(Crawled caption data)

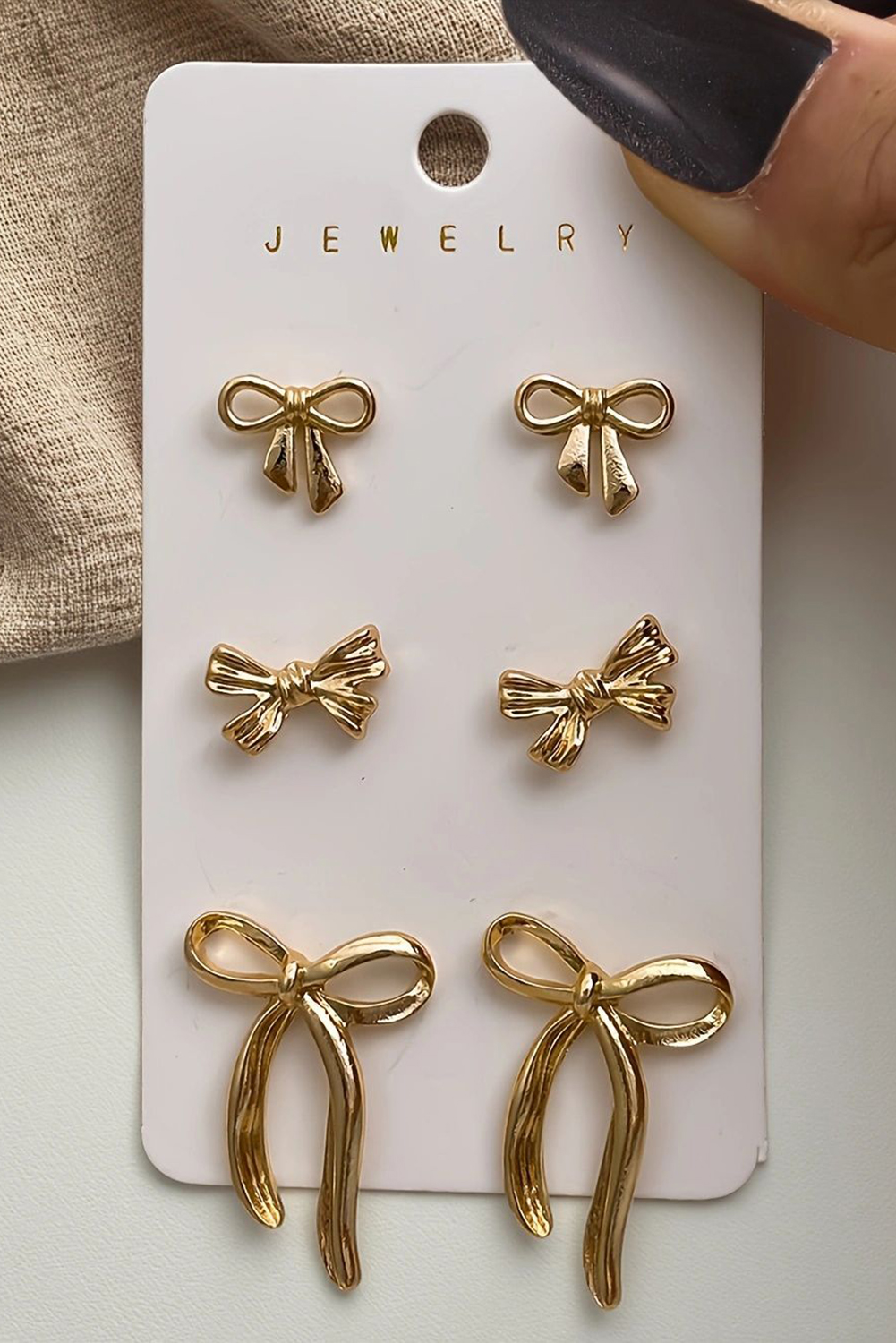 Gold Plated Stainless Alloy Bow Earring Set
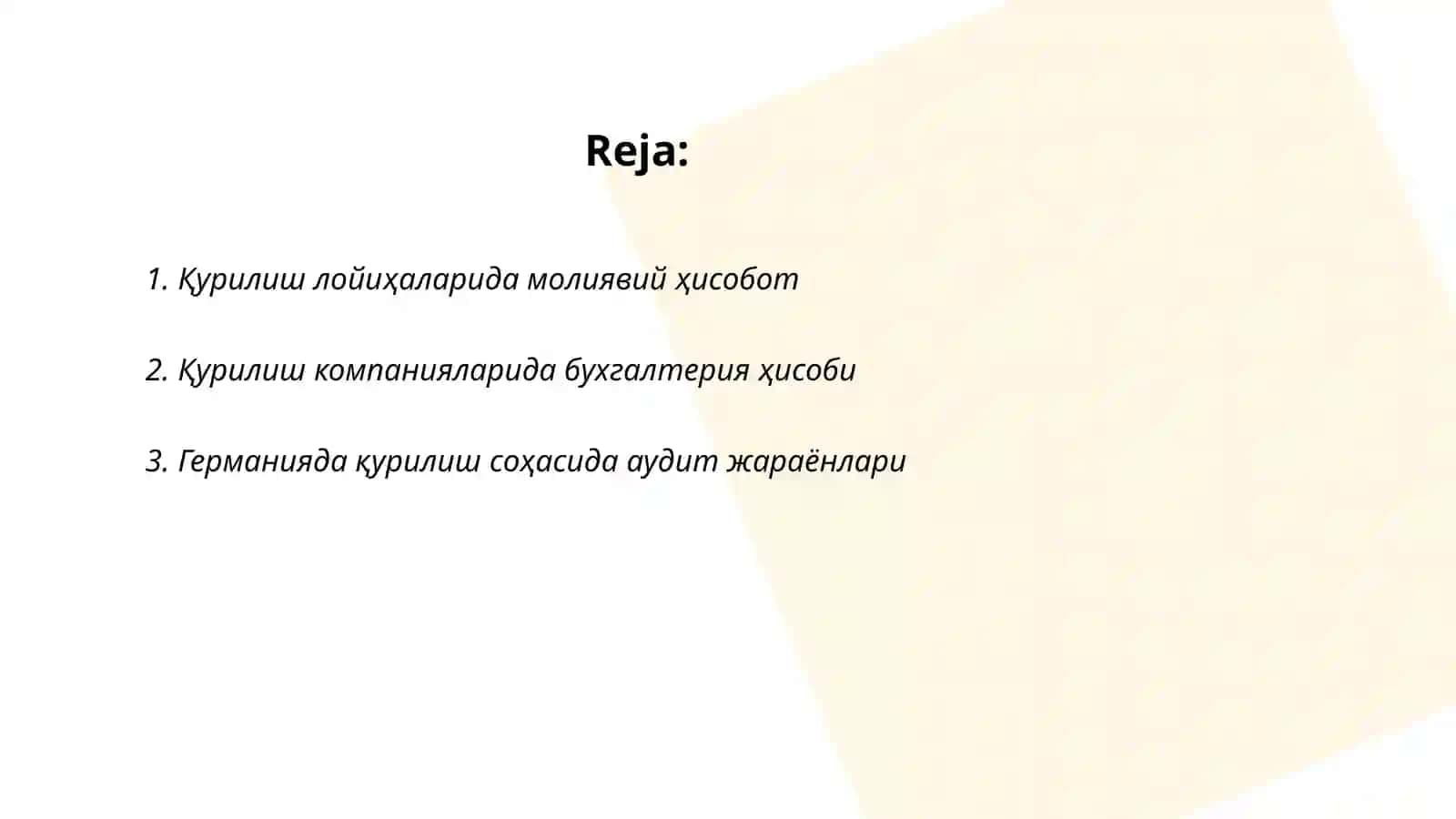 Қурилиш лойиҳаларида молиявий ҳисобот 2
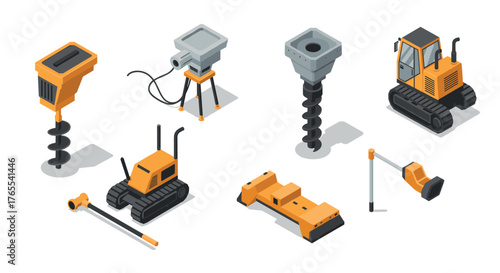 Isometric construction equipment set featuring drills, excavators, barriers, and tools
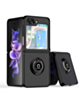 Galaxy Z Flip 5 Hard PC Rear / Soft TPU Colorful Border Case with I - ring Holder - BLACK (Only Ground Shipping)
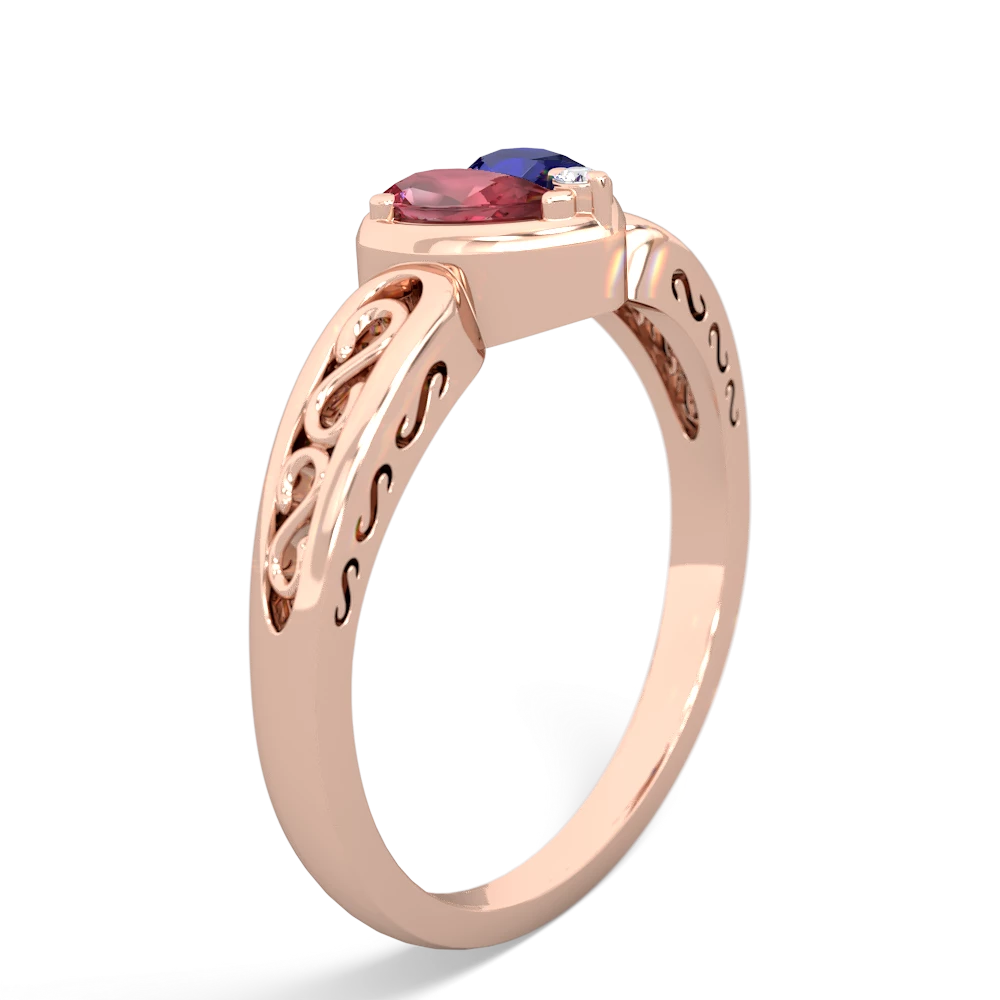 Pink Tourmaline Filligree 'One Heart' 14K Rose Gold ring R5070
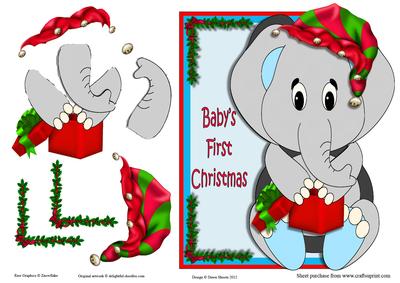 Baby Boy First Christmas Elephant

■ THE TASK ■
Go through the data above and print exactly the lines from its first line through the line holding "Galaxy Z Flip", both included, leaving pictures aside.

■ ANSWER TO THIS PROBLEM ■
 Gold Plated Stainless Alloy Bow Earring Set
 Қурилиш лойиҳаларида молиявий ҳисобот 2
 Isometric construction equipment set featuring drills, excavators, barriers, and tools
 Galaxy Z Flip 5 Hard PC Rear / Soft TPU Colorful Border Case with I - ring Holder - BLACK (Only Ground Shipping)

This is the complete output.